Marshall, Alfred
Marshall, Alfred 1842-1924
BIBLIOGRAPHY
The economist Alfred Marshall was born on July 26, 1842, in London, the second son of William Marshall, a clerk at the Bank of England, and Rebecca Marshall, née Oliver. He was educated at Merchant Taylors School (1852–1861) and took the mathematical tripos (1861–1865) at Saint John’s College Cambridge as “second wrangler,” that is, second in the first class honours list. This achievement gained him a fellowship at Saint John’s, where his interests shifted to the moral sciences, initially philosophy and mental science. Marshall became a college lecturer (1868) and from the early 1870s began concentrating on economics. In 1877 he married Mary Paley, forcing his resignation from his college positions as college statutes then in force prohibited fellows to marry. From 1877 to 1881 Marshall served as principal and professor of political economy at Bristol University College. In 1883 he became a lecturer in economics at Oxford. In 1884 Marshall succeeded Henry Fawcett (1833–1884) as professor of political economy at Cambridge, a post he retained until 1908.
During his professorship at Cambridge, Marshall published his most significant book: Principles of Economics (1890). He had earlier published The Economics of Industry (1879) with his wife and Pure Theory of Foreign Trade and of Domestic Value (1879). Marshall gave most of his evidence to official government inquiries, on monetary and financial topics, on the poor laws, on national income accounting, and on local government finance during the 1880s and 1890s; and served as a member of the Labour Commission (1891–1894), set up by the government to inquire into labor unrest and recommend solutions thereto accordingly.
Marshall greatly expanded opportunities for the study of economics at Cambridge, an effort that culminated in the establishment of an economics and politics tripos in 1903. The Cambridge School of Economics he created was consolidated by his student A. C. Pigou (1877–1959), who became Marshall’s successor as chair. Other prominent students included John Neville Keynes (1852–1949) in the 1880s, and John Maynard Keynes (1883–1946) in 1905–06. In addition, Marshall was instrumental in the formation in 1890 of the British Economic Association, which became known as the Royal Economic Society in 1902.
Marshall published two further books, Industry and Trade (1919) and Money, Credit, and Commerce (1923), before he died on July 13, 1924. He left his books and papers to create the Marshall Library at the Cambridge Faculty of Economics and Politics, which honored him in 1932 by establishing the Marshall Lectures. An undergraduate Marshall Society for discussing social questions was formed in 1927.

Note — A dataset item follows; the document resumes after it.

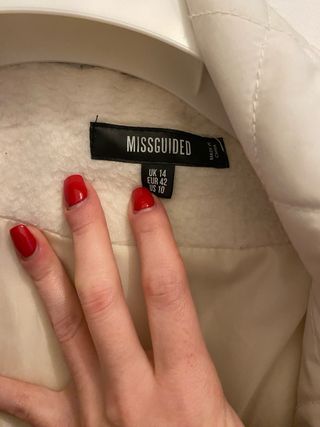 Abrigo largo Missguided beige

Marshall’s writings, especially Principles of Economics, made major contributions to economic theory. Marshall’s ideas were often succinctly presented in diagrammatic form, a method he pioneered. Facilitating the understanding of real economic problems was a key element in Marshall’s economics, reflecting his desire “to be read by businessmen” and explaining why the Principles remained in use as a text until the early 1950s. As a trained mathematician, Marshall also used algebra and the calculus in his economics, visible in the Mathematical Appendix included with all eight editions of the Principles. According to him, this was its proper place, since such reasoning could not add anything significant in formulating economic propositions. His frequent use of diagrams in the Principles invariably took place in the footnotes, and not in the text.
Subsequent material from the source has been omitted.